Baire space definitions and equivalents I have seen some equivalents of Baire space definitions,i.e. Countable intersections of open dense sets is dense and countable union of closed nowhere dense sets has empty interior. In Dugundji's topology, he states this is equivalent to the entire space is of second category in itself, i.e. It is not a countable union of nowhere dense sets. 
I can see this is necessary for a Baire space (nonempty), but is it sufficient as Dugundji claims? I can't seem to prove this.
Thanks
 A: Indeed it is a mistake. If a topological space has a nonempty open Baire subspace, it is of the second category in itself. But if it also has a nonempty meagre open subset, it is not a Baire space.
Thus spaces like $[0,1] \cup \mathbb{Q}$, or the topological sum of a Baire space and a non-Baire space are non-Baire spaces that are of the second category in itself. (See below)
A correct condition would be that every nonempty open subset of $X$ is of the second category (in itself or in $X$, for open subspaces this is equivalent).

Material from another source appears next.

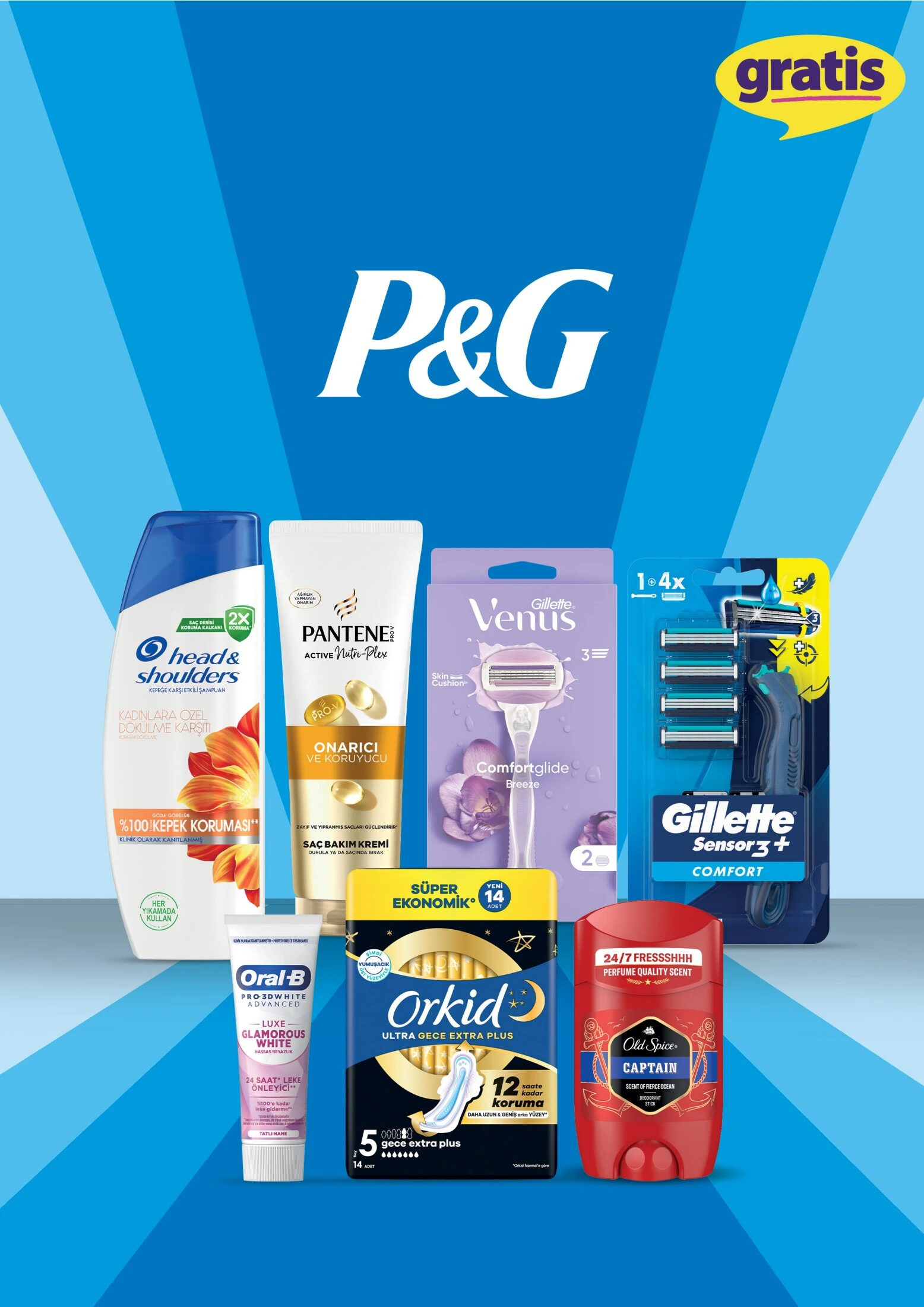Gratis 28 Eylül - 26 Ekim Aktüel Kataloğu - Sayfa 25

Let $X$ a topological space, and $U \subset X$ open. If $N\subset X$ is nowhere dense in $X$, then $N\cap U$ is nowhere dense in $U$. For suppose $V := \operatorname{int}_U(\operatorname{cl}_U(N\cap U)) \neq \varnothing$. Since $U$ is open, $V$ is also open in $X$, and $V \subset \operatorname{cl}_U(N\cap U) = \operatorname{cl}_X(N) \cap U \subset \operatorname{cl}_X(N)$, so if $N\cap U$ is not nowhere dense in $U$, then $N$ is not nowhere dense in $X$. And if $N \subset U$ is nowhere dense in $U$, then $N$ is nowhere dense in $X$. For if $V := \operatorname{int}_X(\operatorname{cl}_X(N)) \neq \varnothing$, then $V\cap U \neq \varnothing$ (since $\operatorname{cl}_X(N) \subset \operatorname{cl}_X(U)$), and $V\cap U \subset \operatorname{cl}_U(N)$, so then $N$ is not nowhere dense in $U$.
From that it follows that every open subspace of a Baire space is itself a Baire space, and that every space that has a nonempty open Baire subspace is of the second category in itself.